1. - First and Foremost, regardless of the pleads you are robbing them of their worldly goods, the aim of haggling is that both parties enjoy the banter. They enjoy the bargaining process with you so don’t feel bad.
2. – Arm yourself with some small denomination notes before you go. It does you no favours to haggle to price down only to whack out a large note. You also run the risk the seller won’t actually have any change to give you. Having a few smaller denominations notes also gives you the option to say that is all the money you have left so can’t pay any more. And no, lady from Canada in the market in Laos, markets do not accept Visa Cards.
3. – Have an escape route. Some markets where you walk in to a stall to look at the pretty scarves make it pretty hard to leave when someone is trying to hard sell you something. Therefore, if you aren’t too sure about the whole haggling thing stand on the edge and ask to see something instead. This way if it gets a bit much you can easily walk off.

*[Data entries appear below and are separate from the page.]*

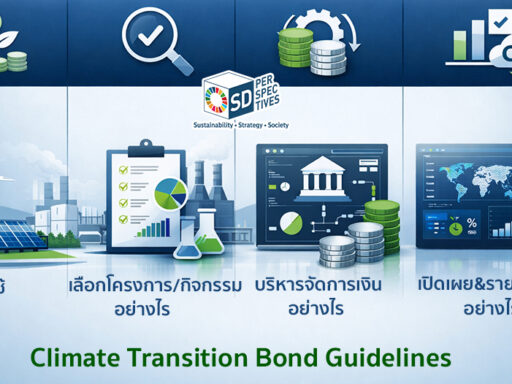 Infographic แสดง Climate Transition Bond Guidelines (CTBG) มาตรฐานตราสารหนี้เพื่อการเปลี่ยนผ่าน แบ่งเป็น 4 องค์ประกอบ ได้แก่ Use of Proceeds, Project Evaluation, Management of Proceeds และ Reporting เชื่อมโยง ESG กับการระดมทุนและ Net Zero SD Perspectives : ESG & Business Strategy Media in Thailand
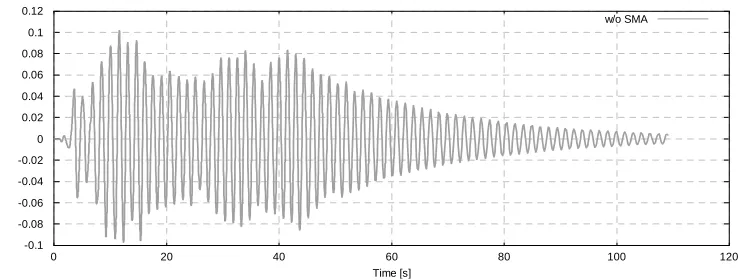 Figure 2: Ground acceleration from EW component of 1952 Tafts earthquake.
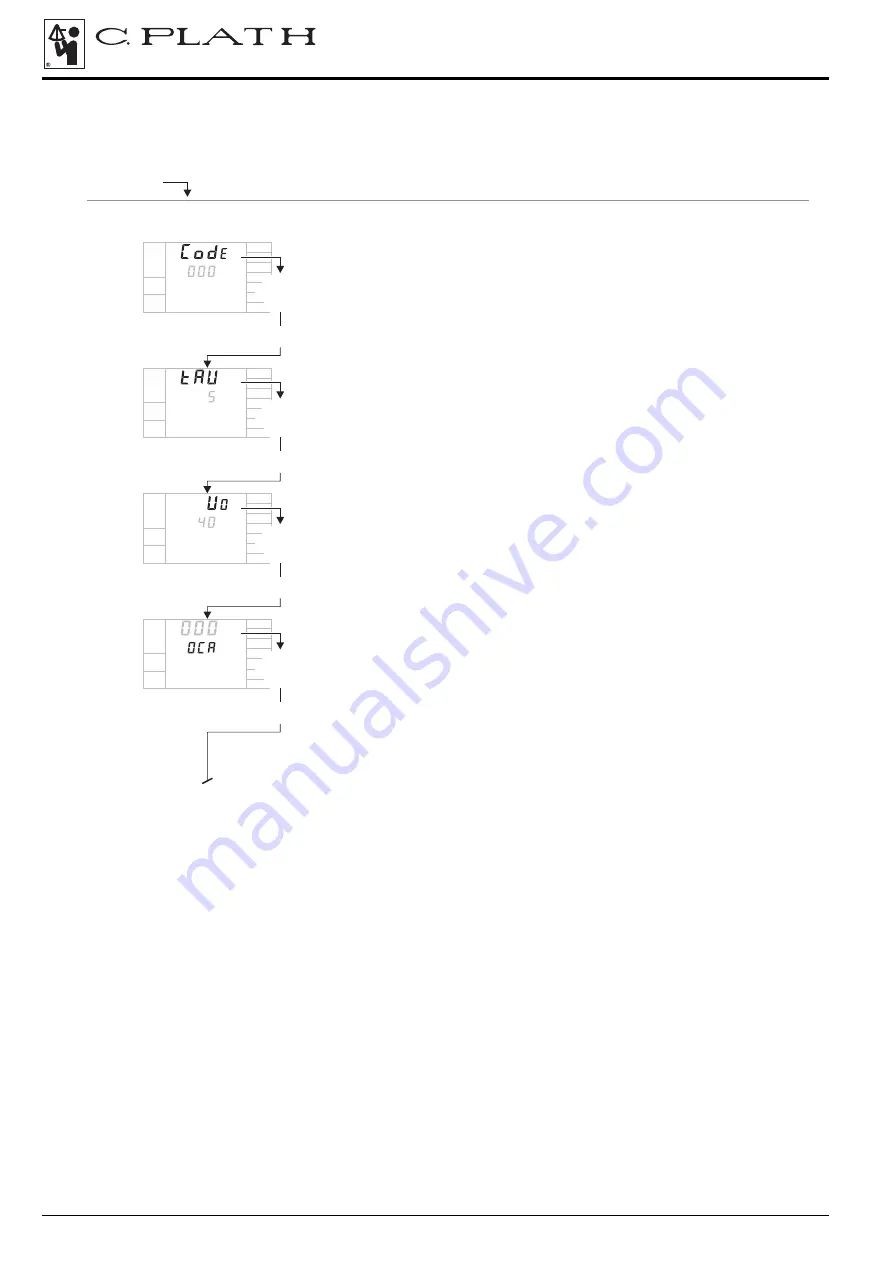 C.Plath navipilot V HSC Quick Reference Manual Download Page 8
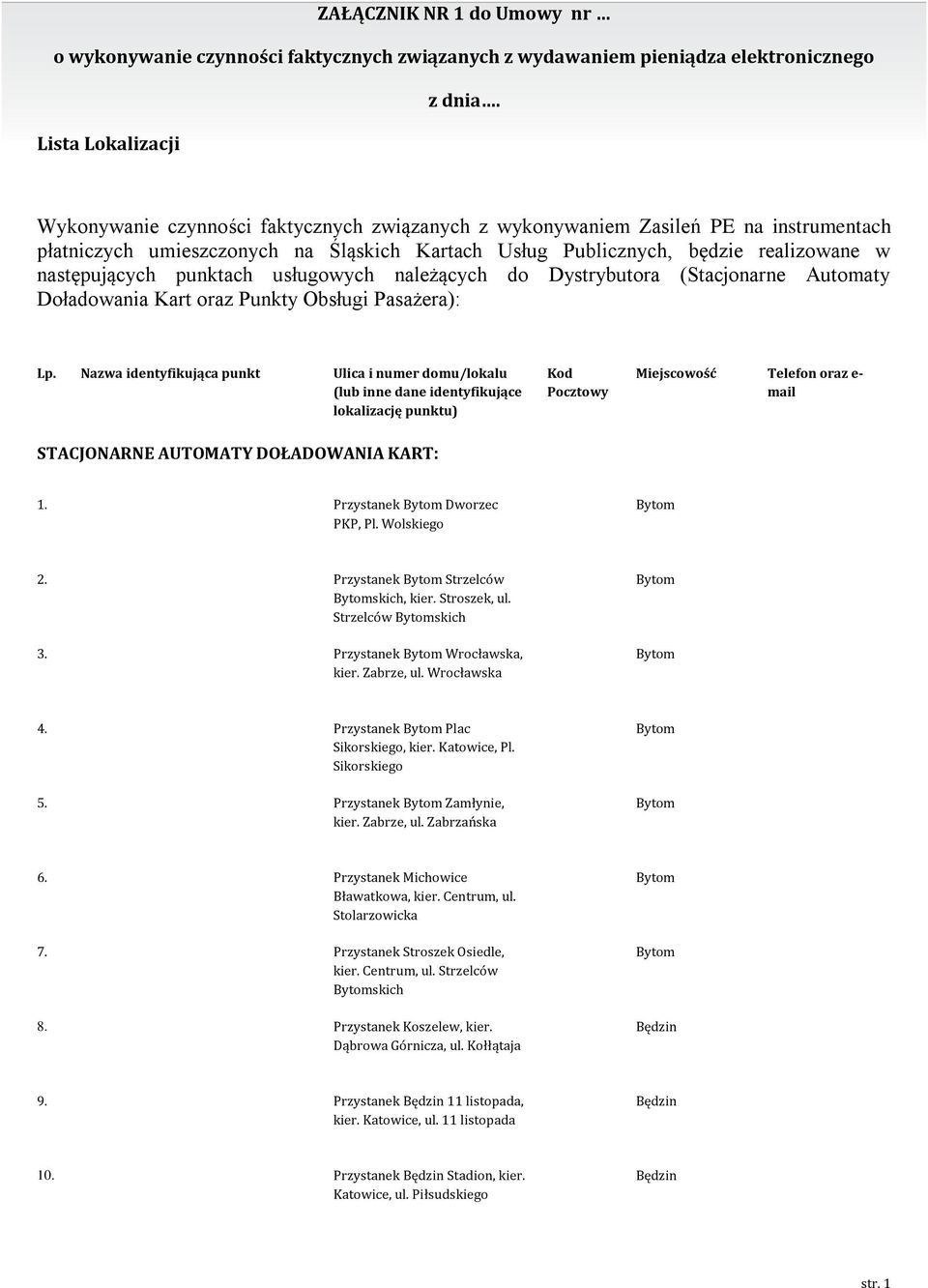 następujących punktach usługowych należących do Dystrybutora (Stacjonarne Automaty Doładowania Kart oraz Punkty Obsługi Pasażera): Lp.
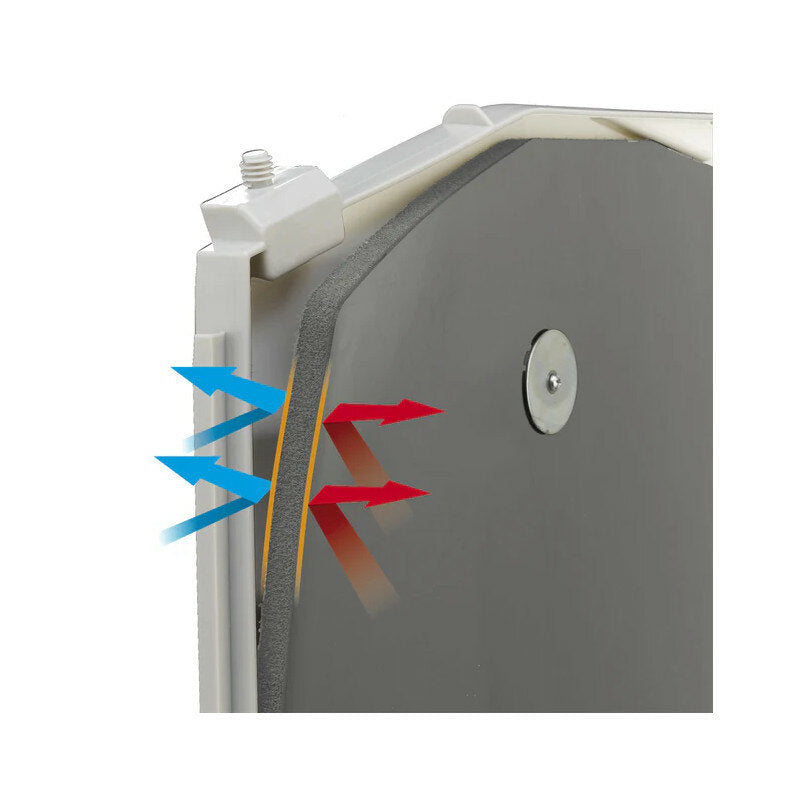 Dogvilla Kit Pannelli Isolanti Per Cuccia 110-1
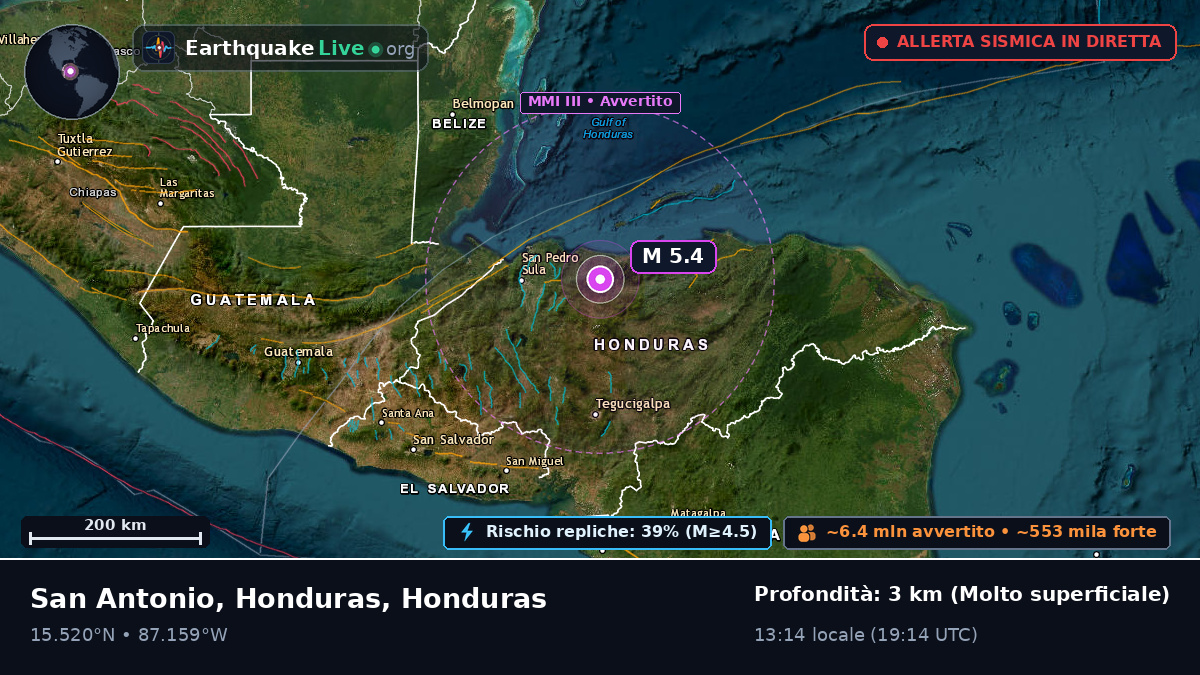 Atlántida, Honduras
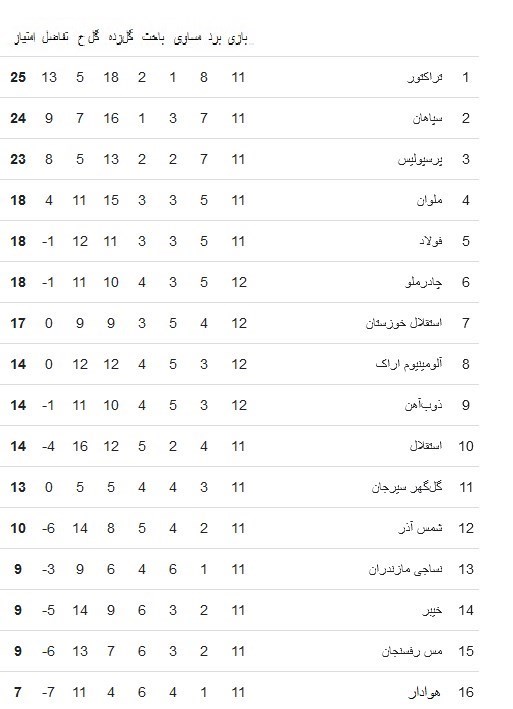 تیم فوتبال ملوان بندرانزلی , تیم فوتبال پرسپولیس , 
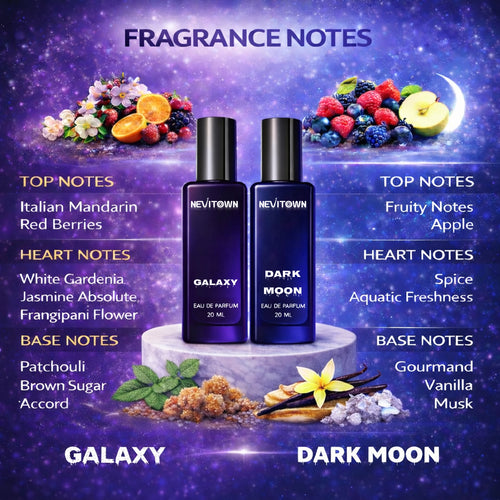 NEVITOWN GALAXY / DARK MOON  Parfume | Long Lasting Premium Perfume for Unisex | Fragrance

4. – Learn a little bit of lingo. By learning the numbers and ‘please’ ‘thank you’ etc you will often catch people unaware and give the impression you know a little bit more about the country and local life than most tourists. This will help you get the price locals would pay for goods rather than the tourist price. Also learn the phrase for ‘friendship price’, this works a treat in the Chinese markets.
5. – Practice the art of saying ‘No’. I own two very nice sarongs from Fiji and still 8 years later cannot bring myself to admit the inflated price I paid for them. They have to make a living so are guaranteed to turn the hard sell on and we can’t afford to just buy everything so practice – ‘No’.
6. – Don’t dress up. I can assure you that Miss Carrie Bradshaw in Sex and the City 2 would not have simply strolled through the souks wearing Dior. If you wear expensive clothes it isn’t quite so easy to haggle down a price and make out you have no money.
7. – Do your research on items you really want. Ask the people at your hotel how much something should cost if you really, really want it, there is nothing worse than being disappointed. If you really can’t go home without out prepare or budget and accept to pay whatever they ask.
8. – Don’t show desperation. You pretend to walk away and they don’t follow you down the street and then you go back because you do actually want it. Give in now. They know you want it and will never put the price down.
9. – Say it’s the last day of your holiday and that cash is all you have left before you leave.
10. – Smile, Laugh, and enjoy yourself. People are always more kind and receptive to people who smile.
There is no excuse now, head out and get shopping. If you have any tips on how to haggle around the world, or any amusing haggling stories then let us know!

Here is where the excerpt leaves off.